Having read the article (you read the article right?) what gave you the impression the AI was asked the question at different points in time?


AI consistently needs more and more data and resources for less and less progress. Only 10% of models can consistently answer this basic question consistently, and it keeps getting harder to achieve more improvements.


That 71.5% is still a higher success rate than 48 out of 53 models tested. Only the five 10/10 models and the two 8/10 models outperform the average human. Everything below GPT-5 performs worse than 10,000 people given two buttons and no time to think.

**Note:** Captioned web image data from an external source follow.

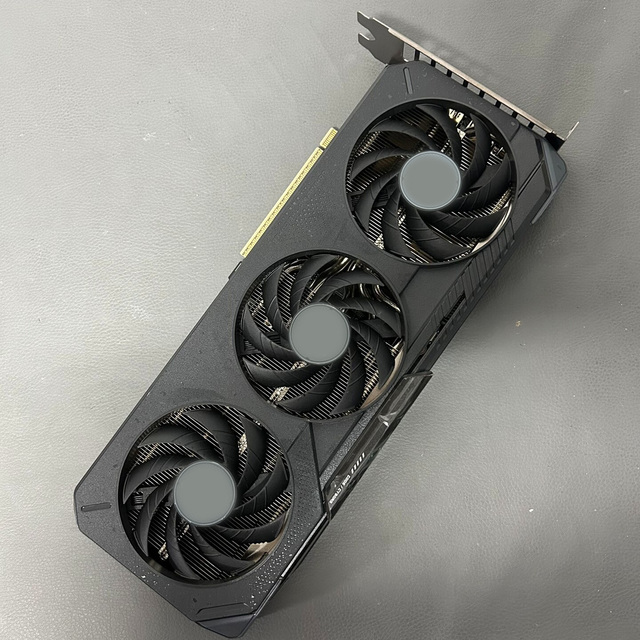 RTX 5060 Ti GAMING OC 16GB GDDR7 Gaming Graphics Card with 3 Fans for PC Gaming and Desktop Computer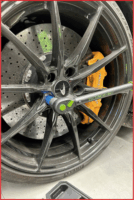 KS Tools 512.0010 Competition 1/2" Nyomatékkulcs készlet 20-200 Nm (4db / Csomag)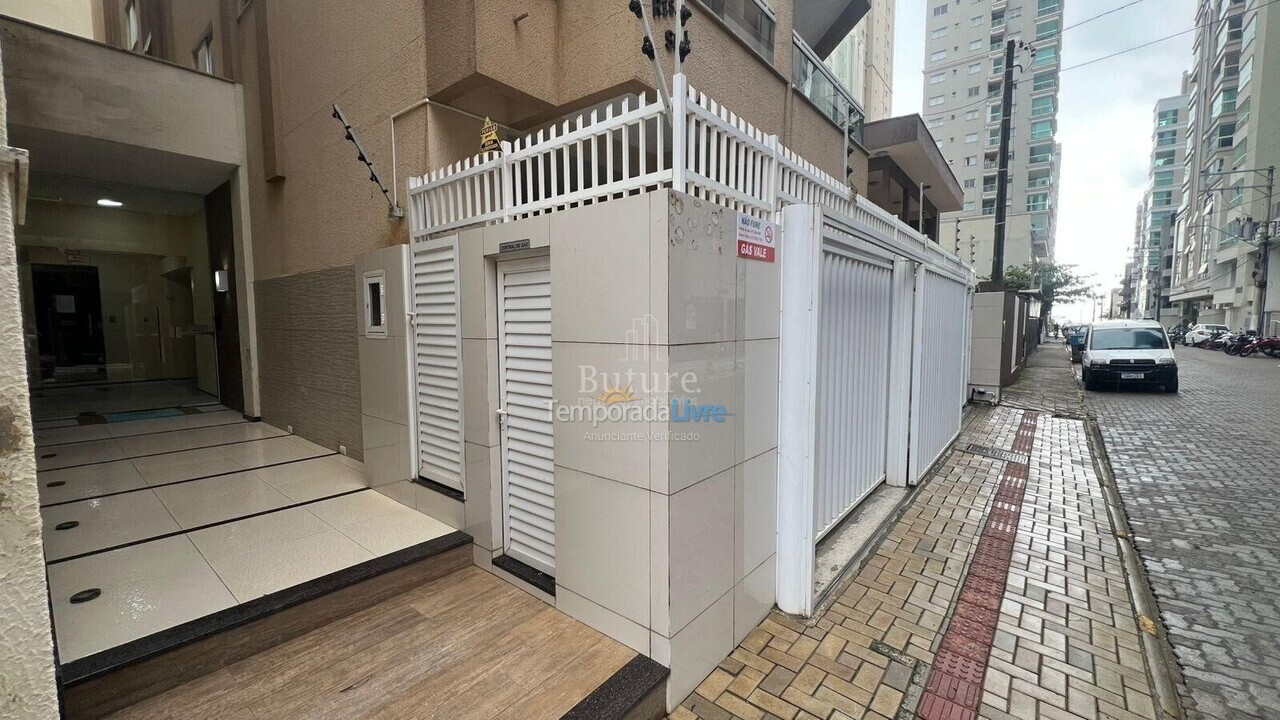 Apartamento para alquiler de vacaciones em Itapema (Meia Praia)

That’s why when I need help with something I don’t go out and ask a random human.


Humans are running out of “tricky” puzzles to retreat to.
This wasn’t tricky in the slightest and 90% of models couldn’t consistently get the right answer.


AI is getting pretty good
42 out of 53 models said to walk to the carwash.
My reaction to the article:
This was about fears AI will tank the economy? No shit it will.
Reads a little more
Wait, this is about fears AI will be so successful it tanks the economy? Complete bullshit but hey, whatever gets this bubble popped.
Complete fucking fantasy. Even if AI was so amazing it could code my own delivery app for me in seconds, the food still has to be delivered somehow. But yes, it AI was able to deliver on all of the promises we’d be fucked, when AI fails to deliver on all of the promises the bubble will burst and we’ll be fucked. Either way stop investing in AI.